**SOURCE MATERIAL**
────

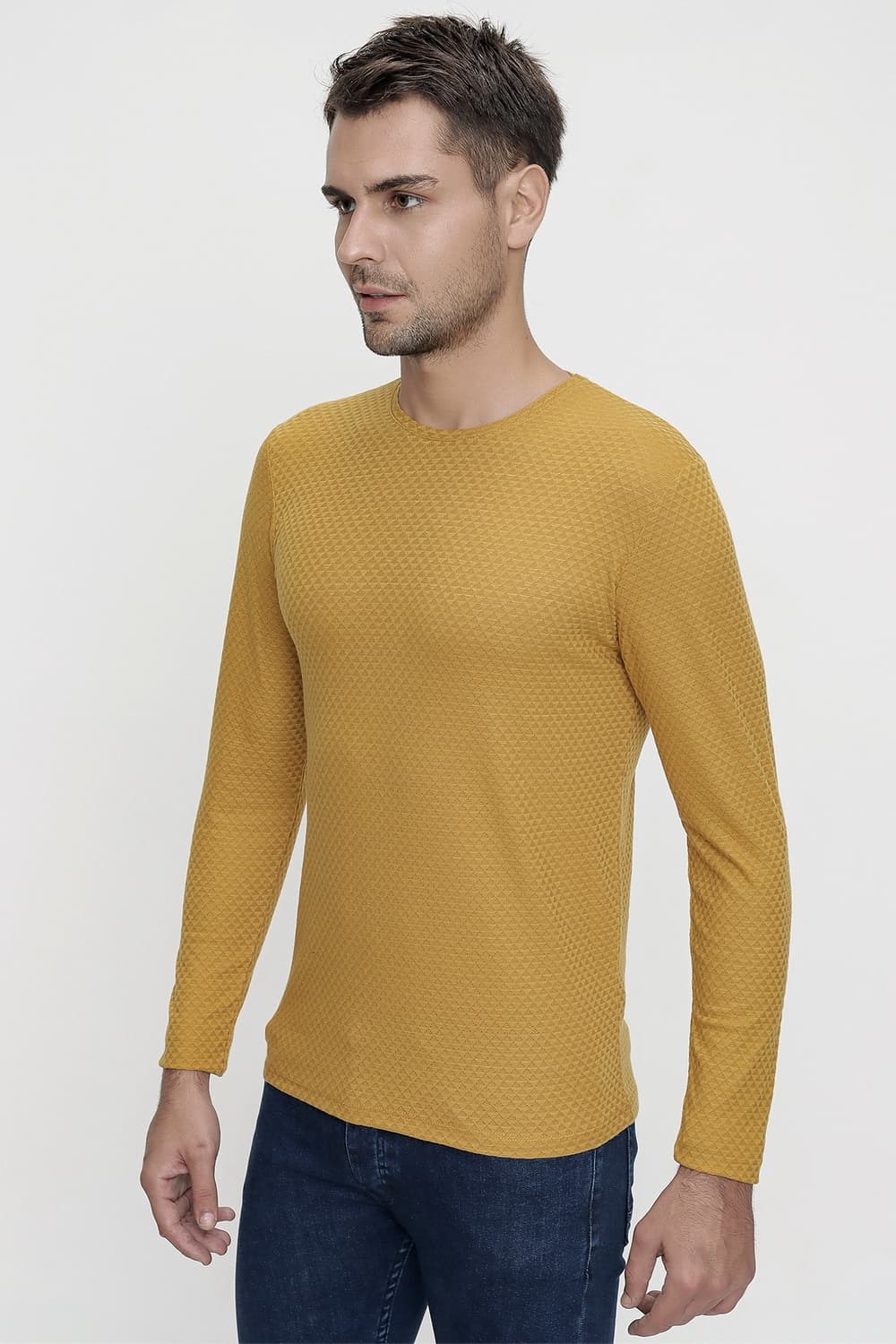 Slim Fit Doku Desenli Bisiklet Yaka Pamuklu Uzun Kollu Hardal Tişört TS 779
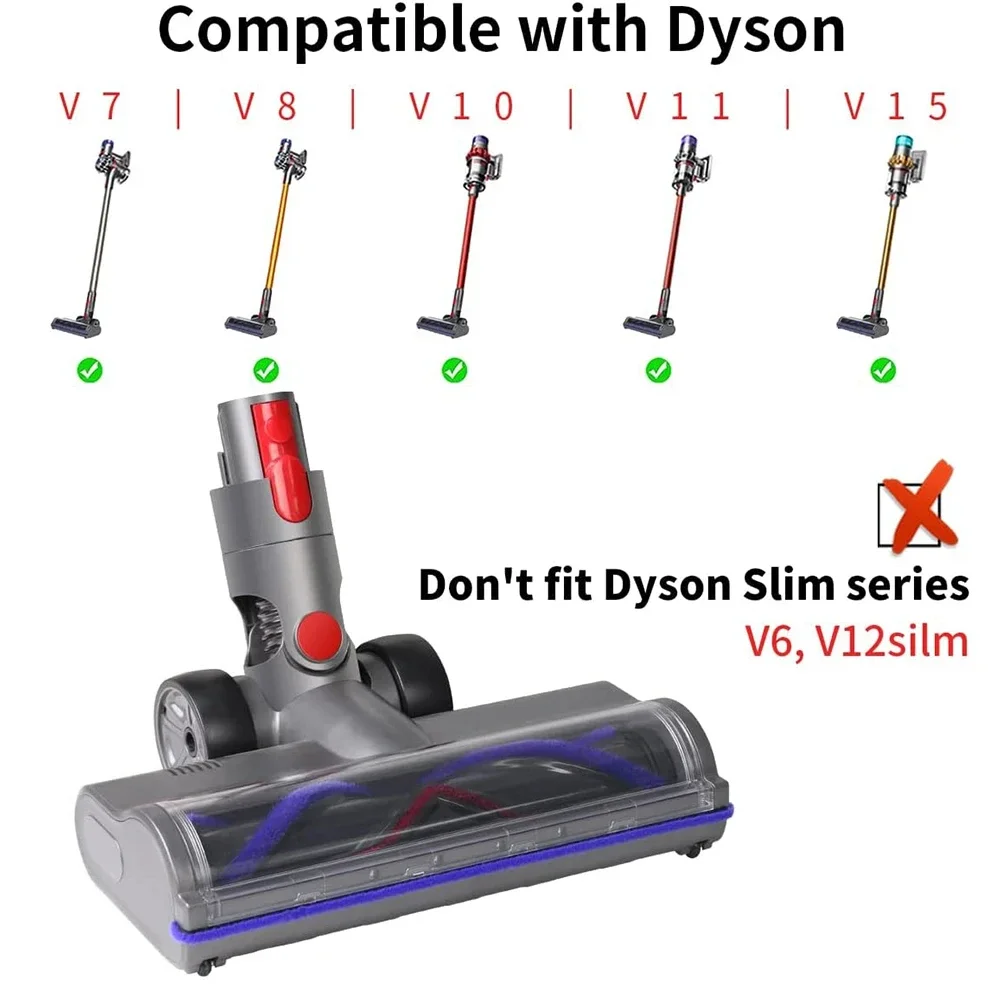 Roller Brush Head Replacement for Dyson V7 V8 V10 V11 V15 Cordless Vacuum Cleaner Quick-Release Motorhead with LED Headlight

────

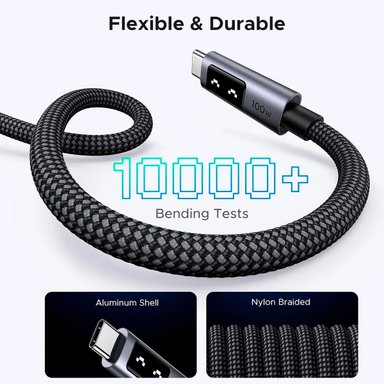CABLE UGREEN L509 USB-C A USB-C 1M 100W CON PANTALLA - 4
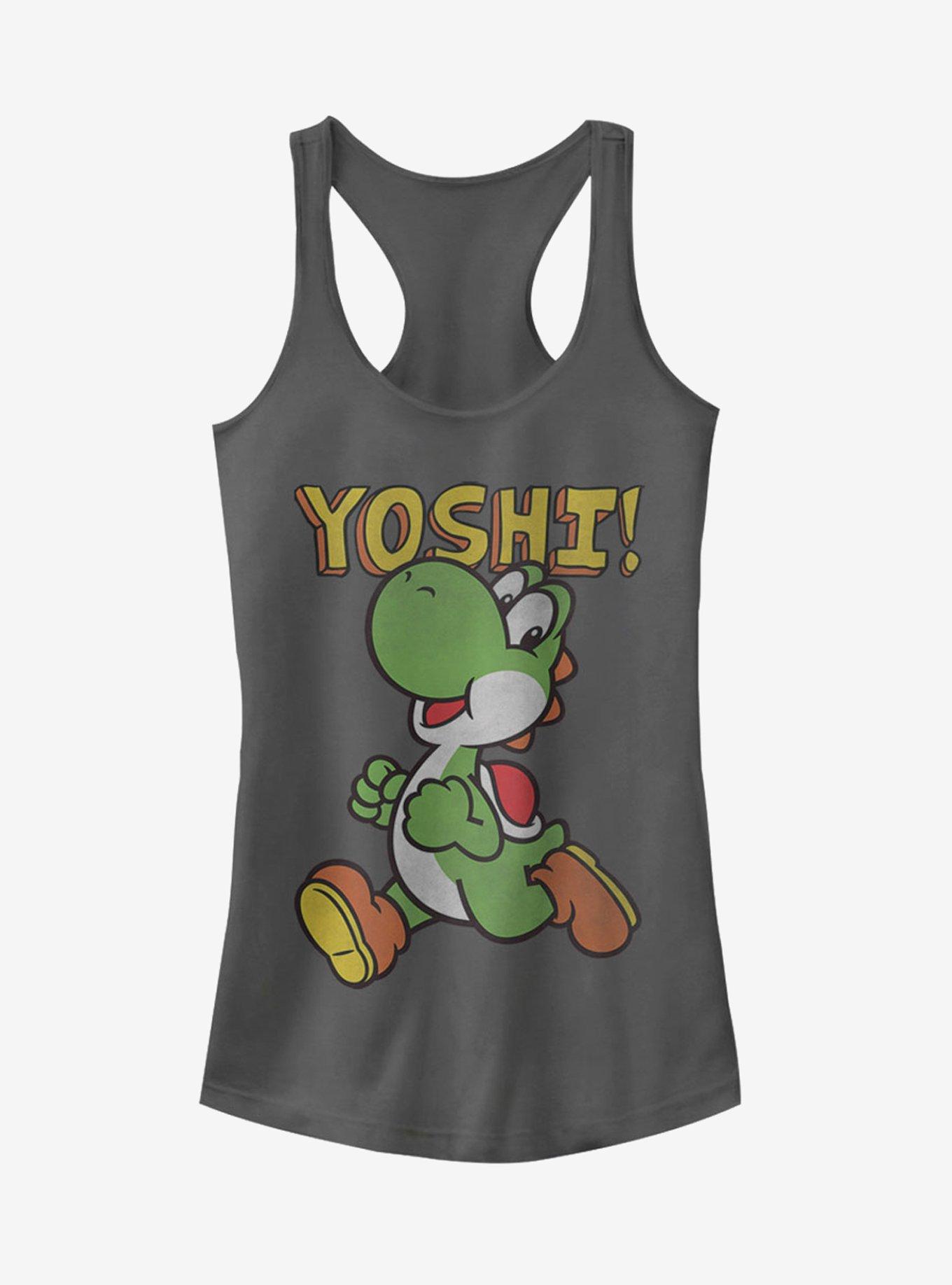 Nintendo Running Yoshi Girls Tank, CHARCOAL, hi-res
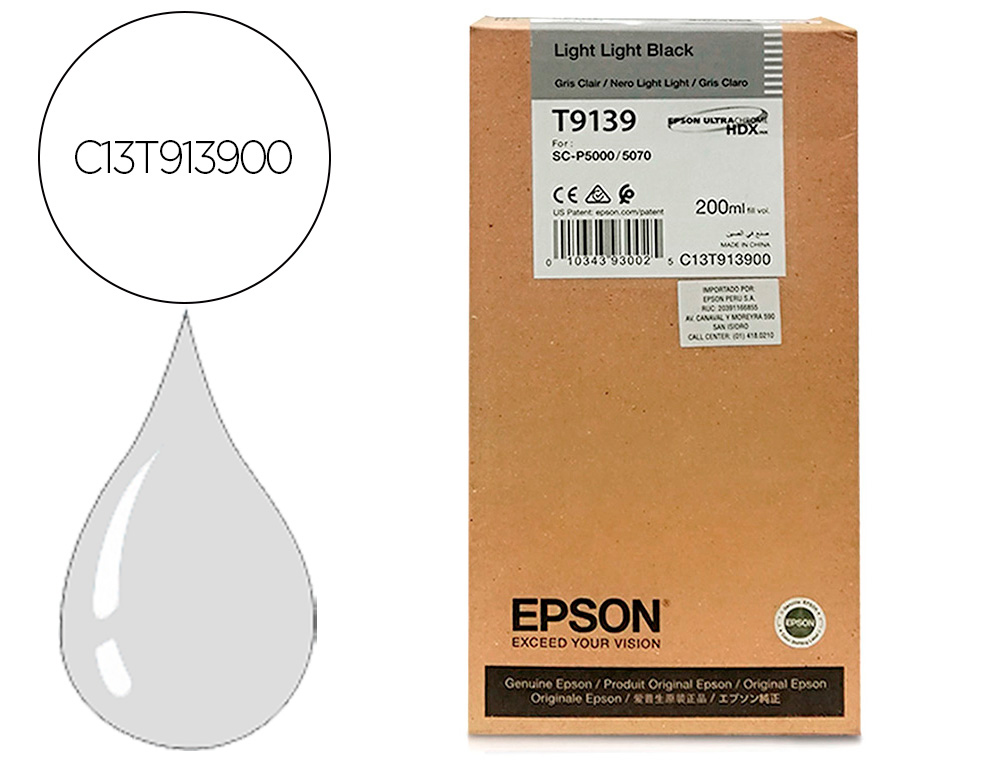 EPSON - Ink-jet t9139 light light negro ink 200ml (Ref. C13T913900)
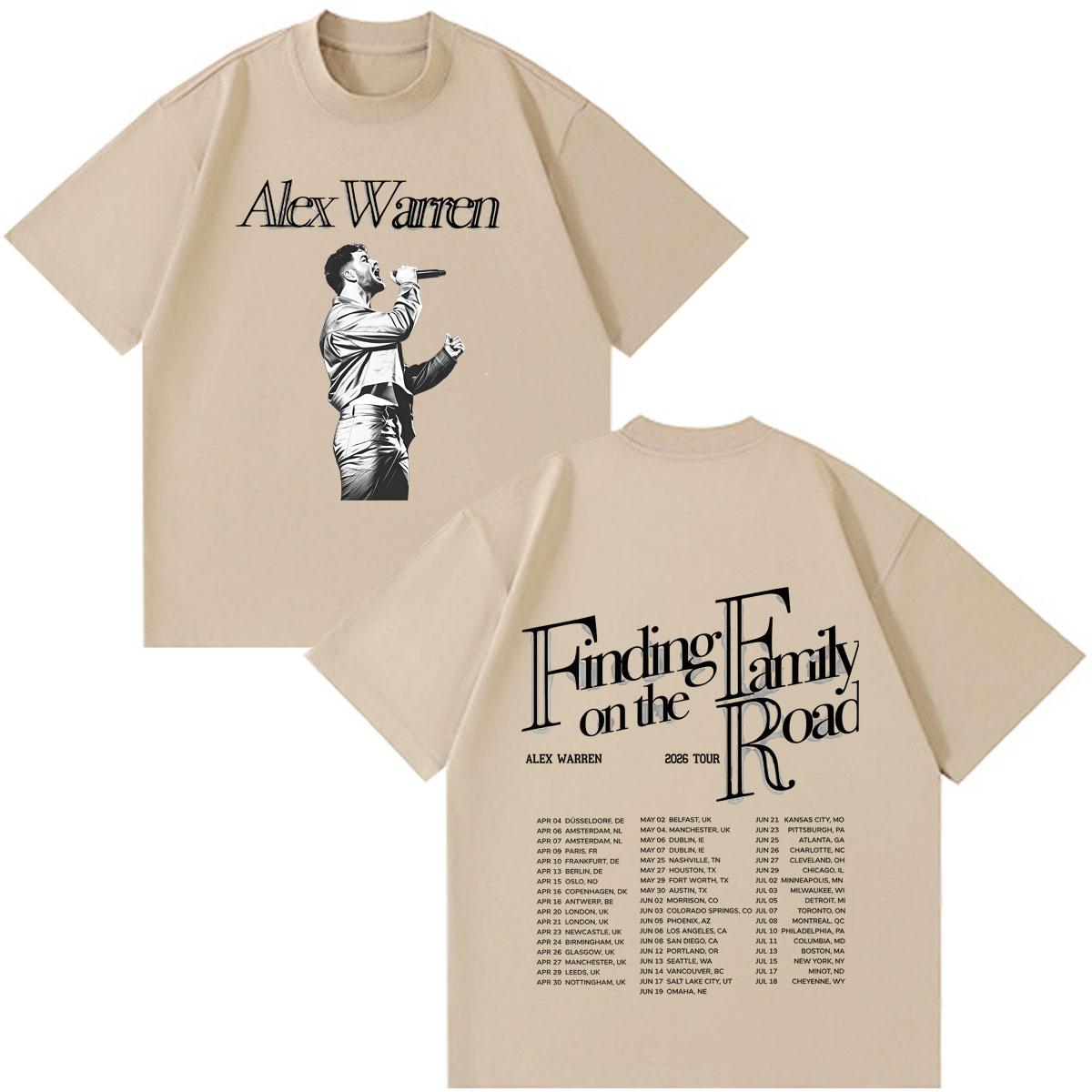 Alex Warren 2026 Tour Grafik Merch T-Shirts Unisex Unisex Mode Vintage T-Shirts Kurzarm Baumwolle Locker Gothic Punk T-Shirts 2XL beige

────

**REQUIREMENT**
Leaving every picture aside, reproduce exactly the lines above from the one with "Nintendo Running Yoshi" up to and including the one with "Alex Warren 2026", and no others.

**RESULT**
 Nintendo Running Yoshi Girls Tank, CHARCOAL, hi-res
 EPSON - Ink-jet t9139 light light negro ink 200ml (Ref. C13T913900)
 Alex Warren 2026 Tour Grafik Merch T-Shirts Unisex Unisex Mode Vintage T-Shirts Kurzarm Baumwolle Locker Gothic Punk T-Shirts 2XL beige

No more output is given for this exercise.